La journée touchait à sa fin, et Signoles redoutait que celle-ci se termine. Même les plus hauts fonctionnaires ne pourraient point l'aider. Demain, il ne serait plus qu'un vulgaire jouet, entre les mains d'un affreux joueur. Le vicomte aurait pu prendre la fuite, mais le pirate le retrouverait, il en était persuadé. Ce fut sans surprise que son sommeil ne réussit pas à le trouver. Plus le temps s'écoulait, plus il sentait son heure approcher. Il ne pouvait guère reculer. "Quel idiot je fais. Provoquer un individu de cette ordre". Il remua cette pensée dans son esprit inlassablement jusqu’à ce qu'il ne la comprenne plus.

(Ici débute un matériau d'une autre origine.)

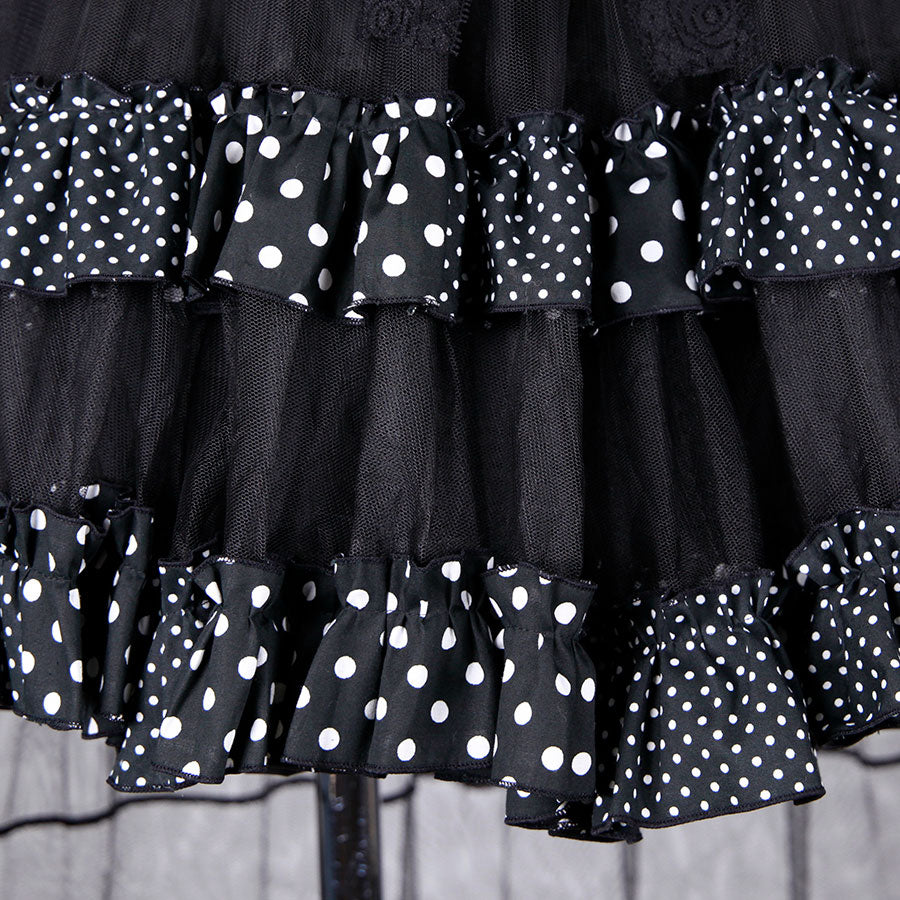 Polka Dot Bustle Train Mini Skirt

Le son du coup de feu résonna dans toute la résidence. Les domestiques furent tirés de leur lourd sommeil et les valets accoururent. Adèle se précipita en robe de chambre dans les couloirs et s'informa auprès des femmes de chambres. La nouvelle avait circulé à une telle vitesse que chaque personne présente dans le manoir connut la raison de ce tapage. Le beau Signoles avait décidé de mettre un terme aux souffrances psychologiques qu'il endurait. Son valet le plus fidèle, s'était introduit dans la chambre du pauvre homme, dès que le coup avait retentit. Le noble seigneur, fut pleuré par sa fille, qui malgré la distance entretenait une forte complicité avec son père. Il ne connut jamais le duel tant appréhendé et finit ses jours sous le sourire bienveillant d'Adèle, son rayon de soleil.